About this exercise = Copy, word for word, the lines below from the one containing "Hi guys, I'm" up to and including the one containing "Hi everyone, welcome", with pictures left out.

Input records =
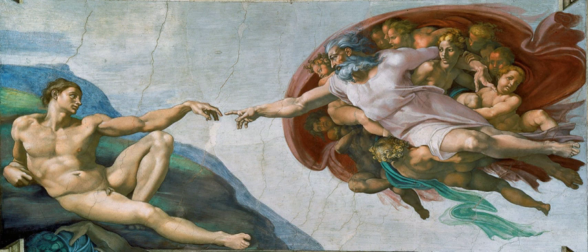Etruscan frescoes, dating from the 4th century BCE, have been found in the tomb of Orcus near Veii, Italy. The richly decorated Thracian frescoes of the tomb of Kazanlak date back to the 4th century BC, making it a UNESCO-Protected World Heritage Site. Roman wall paintings, such as those at the Villa dei Misteri in the ruins of Pompeii, and others at Herculaneum, were completed in Buon fresco.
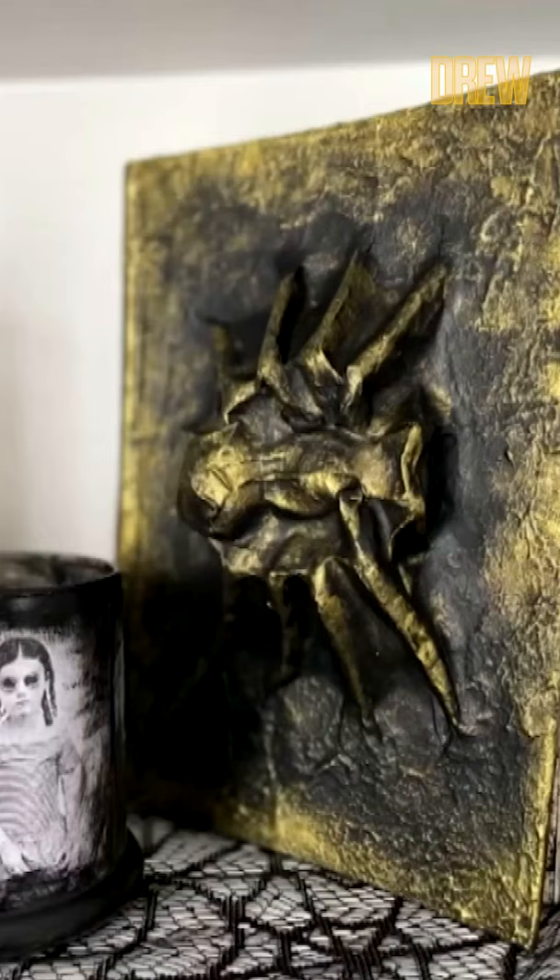Dear diary, my husband loves Halloween. Lovecraft grooms — I live for it.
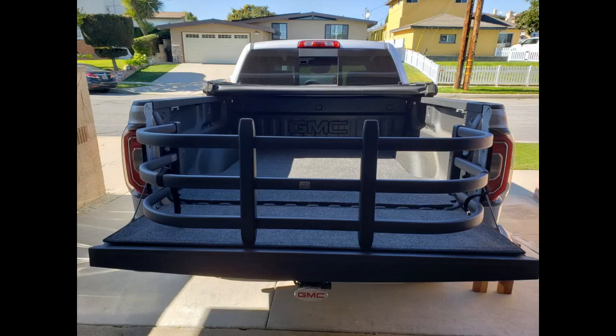It was about half the price of the extender that I returned and I am extremely happy with it. It's lightweight and easy to remove and replace.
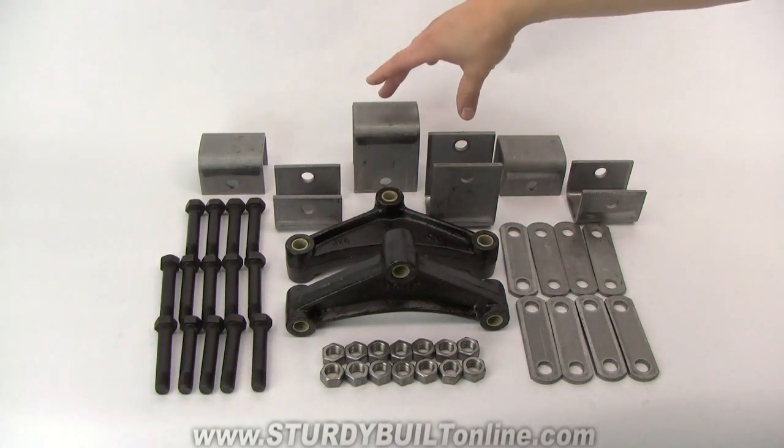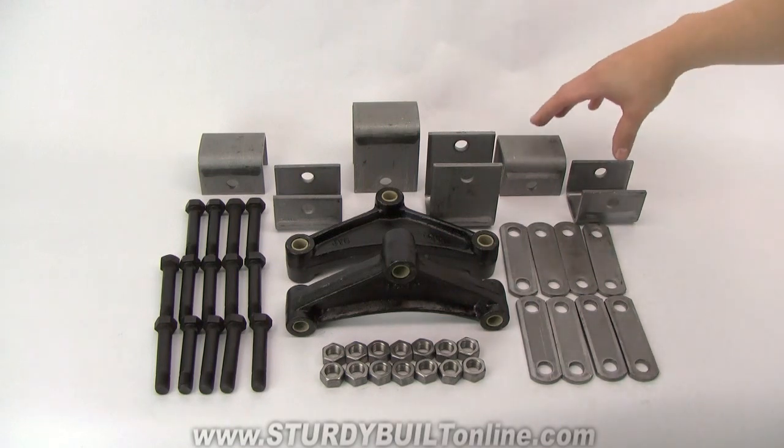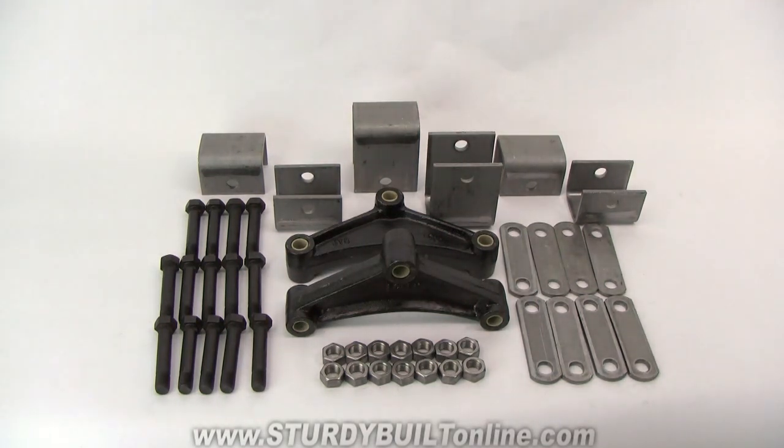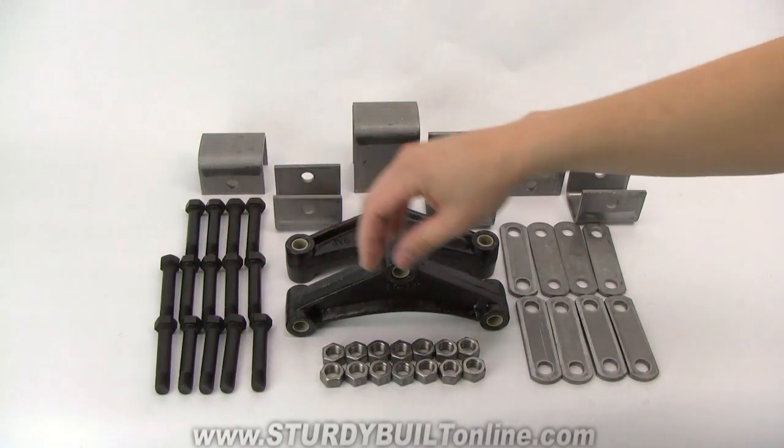You have your two middle hangers that you're going to attach your two equalizer bars to. We have your four end hangers, your front and rear hangers for each side. We have eight shackle plates and fourteen nuts and bolts.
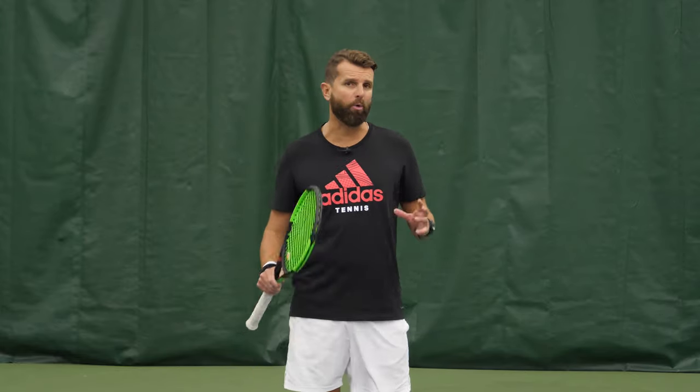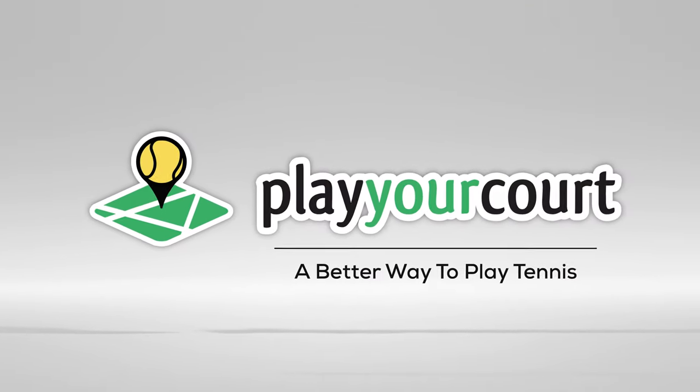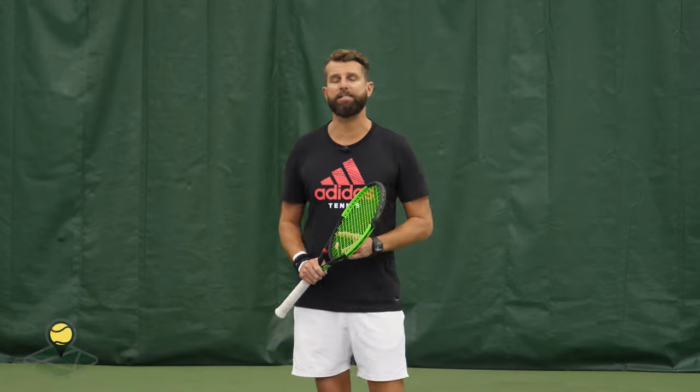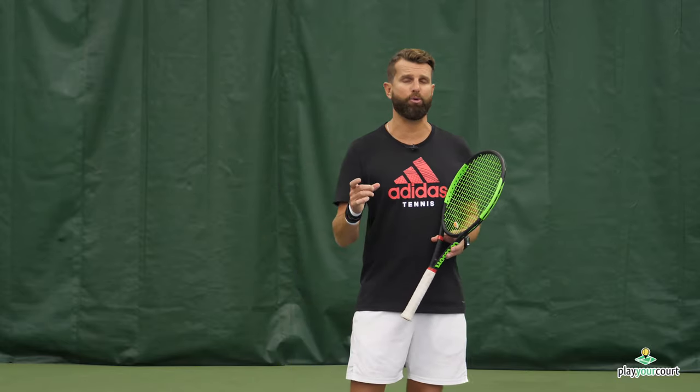Hey guys, Nate from PlayYourCourt.com. Today we're going to talk about how to cover more distance on the tennis court. This is for PlayYourCourt members with a rating of 70 and above. Why do you need a PlayYourCourt rating? Because inside the community we have this incredible challenge league where we give you a customized rating so you're able to play with players of like ability. If you're not in the community, check it out — you're gonna love it. Let's dive right in.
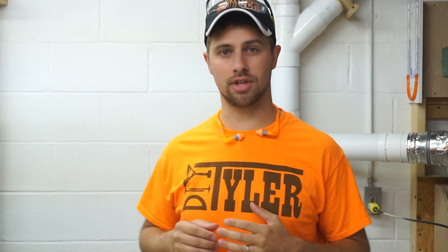Hi guys, I'm Tyler. Today we are going to build a real-time filter monitor called a manometer that will work on any type of filter that you have.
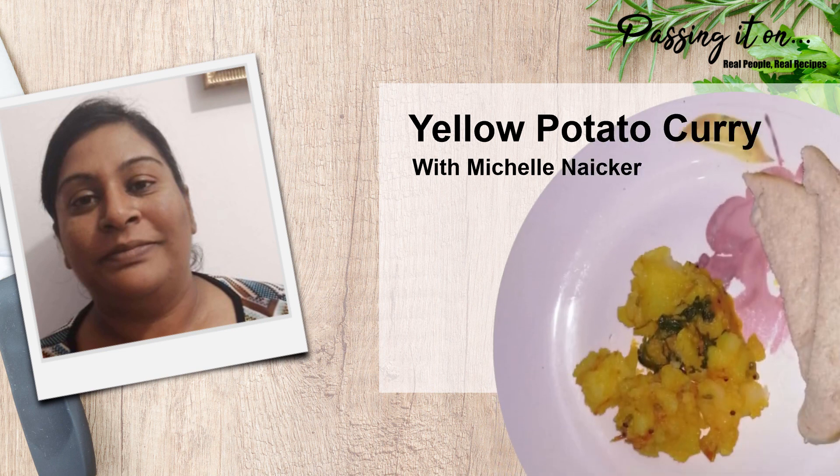Hi everyone, welcome to another episode of Passing It On. Today I'm going to show you how to make potato curry. Hope you enjoy this one.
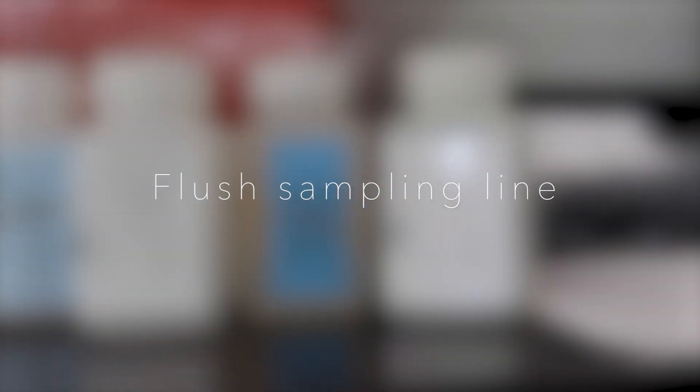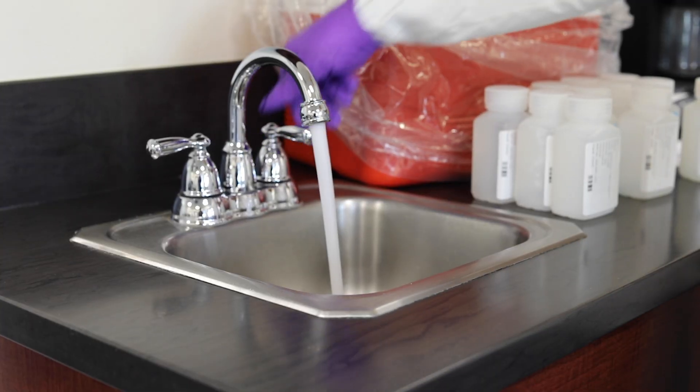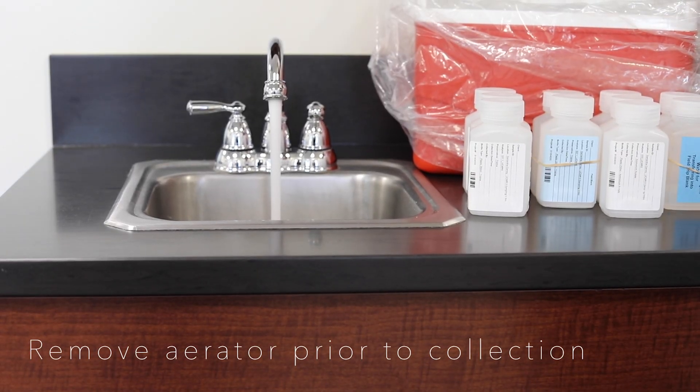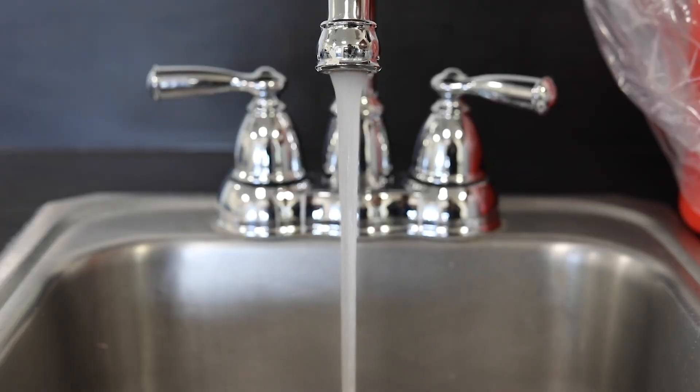Flush the cold water sampling line approximately 10 to 15 minutes prior to sampling. If your sampling point has a faucet with an aerator, it is recommended that the aerator be removed prior to collection. Be sure to slow the water stream before collection.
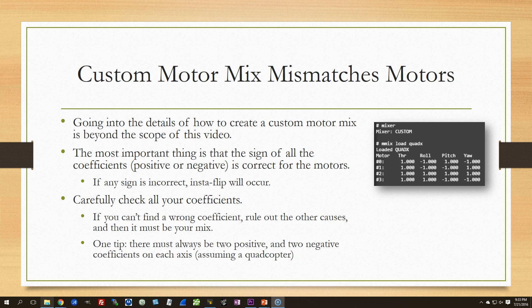On a quadcopter, there must always be two positive and two negative coefficients on each axis, because two motors always make the copter go one way and two make it go the other. If you look at your mix and see three negative signs on the roll column, that's your problem. That's how you troubleshoot insta-flip. If you'd like to stick around, we can actually walk through the troubleshooting of my copter — that example was real, it happened to me. A link to that follow-up video will pop up on a card in the upper right.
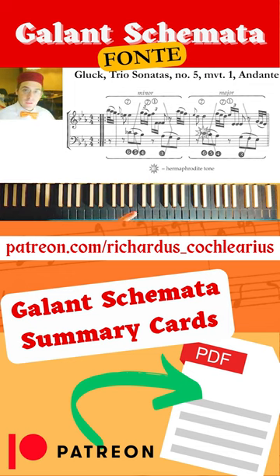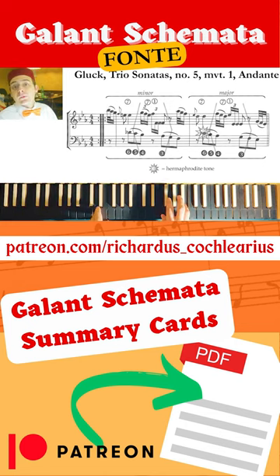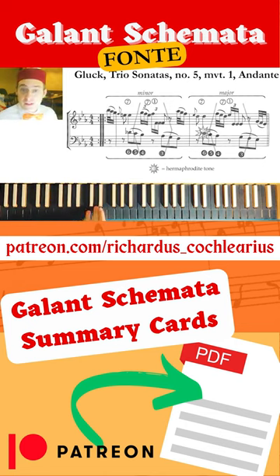And the second time, at the place of major, here the 7th degree is D, and the 3rd degree is Eb. And at the place of a natural C, we have a C with a flat.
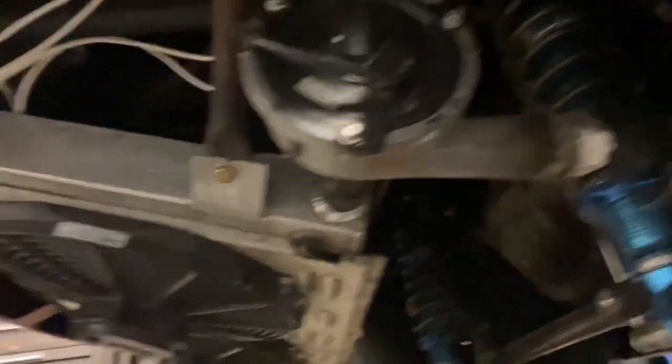This setup runs an EWP Davis Craig 150 water pump — the little turbo-looking unit. If you buy the fittings that come with it, they're kind of junk, so I ended up welding them on to stop leaks. For fans, it has two Spal fans on it.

Task result =
Hi guys, I'm Tyler. Today we are going to build a real-time filter monitor called a manometer that will work on any type of filter that you have.
Hi everyone, welcome to another episode of Passing It On. Today I'm going to show you how to make potato curry. Hope you enjoy this one.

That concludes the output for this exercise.